(WORK ORDER): Data follows below. Repeat exactly the lines between the line holding "Futrola - maska" and the line holding "used 2021 Ford Escape car, priced at $17,720", inclusive, and nothing more; drop pictures.

(INFORMATION SUPPLIED):
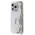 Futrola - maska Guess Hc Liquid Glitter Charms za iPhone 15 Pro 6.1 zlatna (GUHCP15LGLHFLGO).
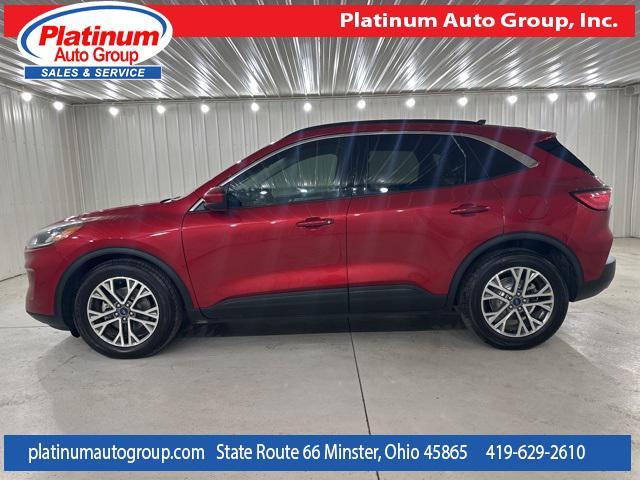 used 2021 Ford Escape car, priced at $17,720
==
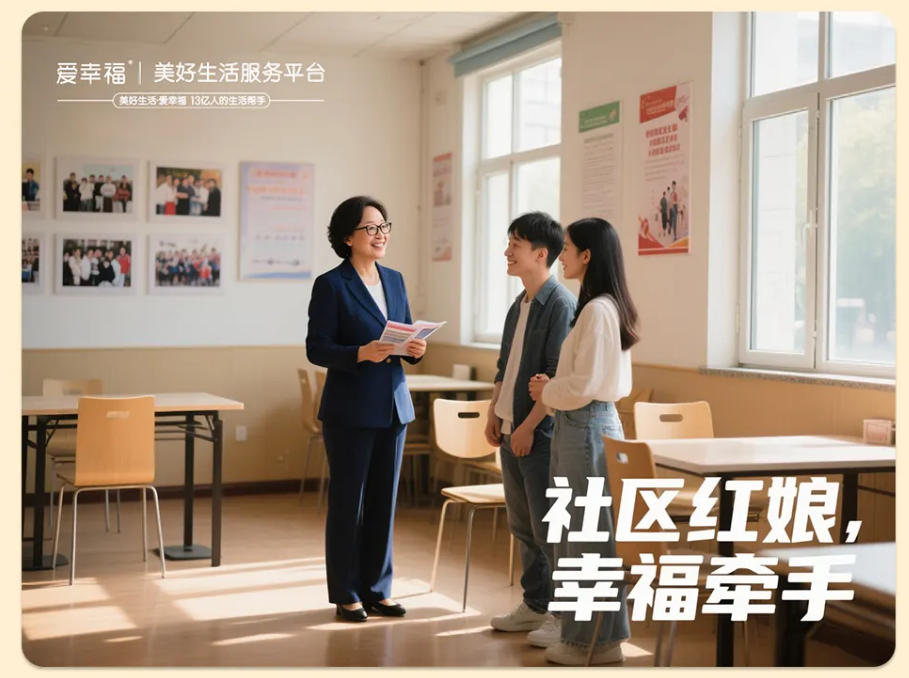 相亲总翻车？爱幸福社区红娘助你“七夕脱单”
--
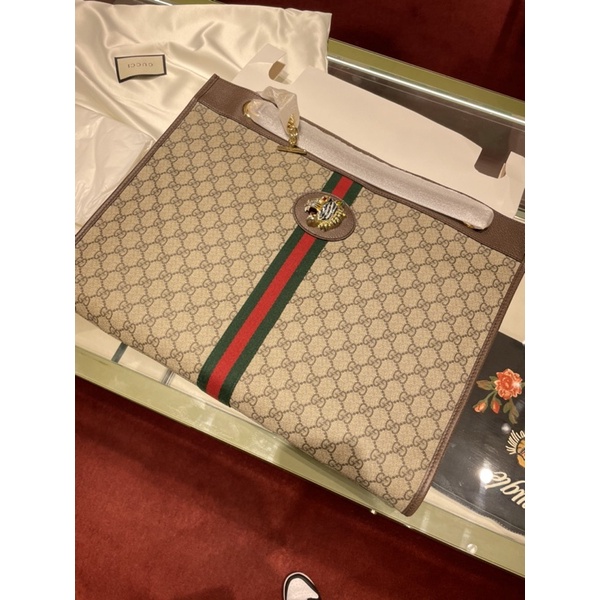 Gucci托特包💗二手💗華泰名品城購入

(OUTPUT):
 Futrola - maska Guess Hc Liquid Glitter Charms za iPhone 15 Pro 6.1 zlatna (GUHCP15LGLHFLGO).
 used 2021 Ford Escape car, priced at $17,720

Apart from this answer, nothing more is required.